The UK group’s stock closed down 1.1% in London this afternoon despite a 26% increase in annual profits and accelerating underlying sales growth in the fourth quarter of 2010.

However, rising commodity costs hit Unilever’s margins in the last three months of the year, which led some analysts to express concern about the company’s ability to protect margins this year.

Investec analyst Martin Deboo said Unilever was “struggling” for margin in what he described as the “foothills” of input cost inflation. “With input cost inflation only just getting into its stride in the fourth quarter, we view this margin result as a troubling portent of what is to come in 2011,” Deboo wrote in a note to clients.

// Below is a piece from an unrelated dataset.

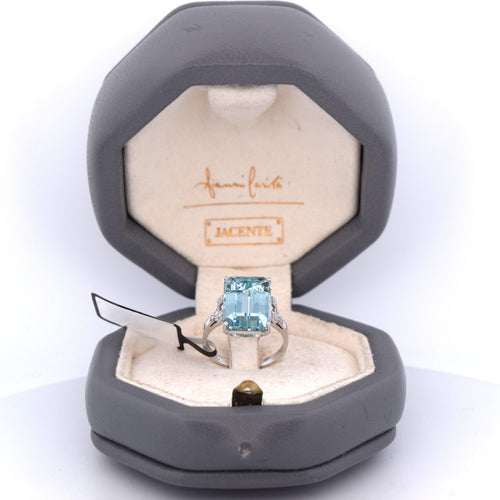 Bague 53 Bague Art Déco en platine avec aigue-marine et diamants 58 Facettes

Speaking to just-food, Michael Polk, president of Unilever’s food, home and personal care operations, pointed to the progress the company had made on pricing in the fourth quarter of 2010.

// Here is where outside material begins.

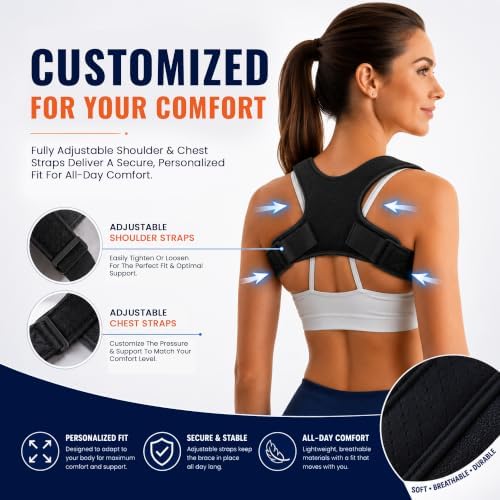 Posture Corrector for Men & Women - Adjustable Figure-8 Back Brace with Copper-Infused Fibers - Lightweight & Breathable Upper Back, Shoulder, Neck & Clavicle Alignment Support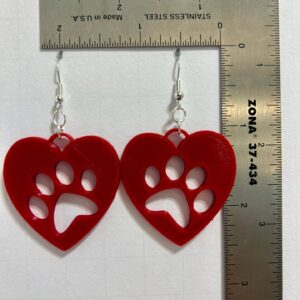 Heart paw earrings featuring heart and paw print combined design.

“We had 5% underlying sales growth in the fourth quarter – all of it was volume driven but, in-quarter, we did have positive pricing and that will pick up as more and more price increases are landed in the market place – and they will increase at a rapid rate into 2011,” Polk said. “The fact that we don’t have negative pricing is a step in the right direction.”

Unilever has estimated that its input costs will increase by around 400 basis points in 2011. Polk described the “headwind” as “sizeable” but pointed to 2008, a year when food manufacturers faced the last spike in commodity prices, and said the company’s input costs rose by around 650 basis points.

“While we don’t exactly love the profile of our growth in 2008 – we were able to cover that inflation and not have volumes decline,” Polk said. “We had flat volumes the last time we had to deal with this. Now, a lot has changed since 2008. We’ve added EUR700m (US$954.8m) more to our advertising and promotions budget since 2008. We’ve got a stronger innovation funnel. We’ve also got the experience of having priced up and down effectively,” Polk said. “So we’ve built a real capability in handling commodity volatility and landing pricing.”

The Unilever executive noted that the company would also look to cost savings and the mix of its portfolio to “deal with commodity inflation”.

Unilever, which generates over half its sales from what its characterises as “developing and emerging markets”, is also facing stronger markets in the non-developed world compared to 2008, Polk argued.

“The economic conditions in the developing and emerging markets are actually more robust today than they were in 2008,” Polk said. “The volatility, the uncertainty that happened in concert with that commodity spike was far broader and radical than what we are dealing with at this point. You see robust economies with a capacity probably to land that pricing in a better way than we were able to in 2008. Even in the developed markets, you begin to see economies starting to pick up despite the the challenges of unemployment and the other issues that are out there.”

However, he added: “We are not going to price anything unless we can maintain our principle of building our volume share. The key variable that will influence will be what the competition does. We will not compromise on our core belief that we have to deliver competitive levels of price versus the right reference point for each brand in each market.”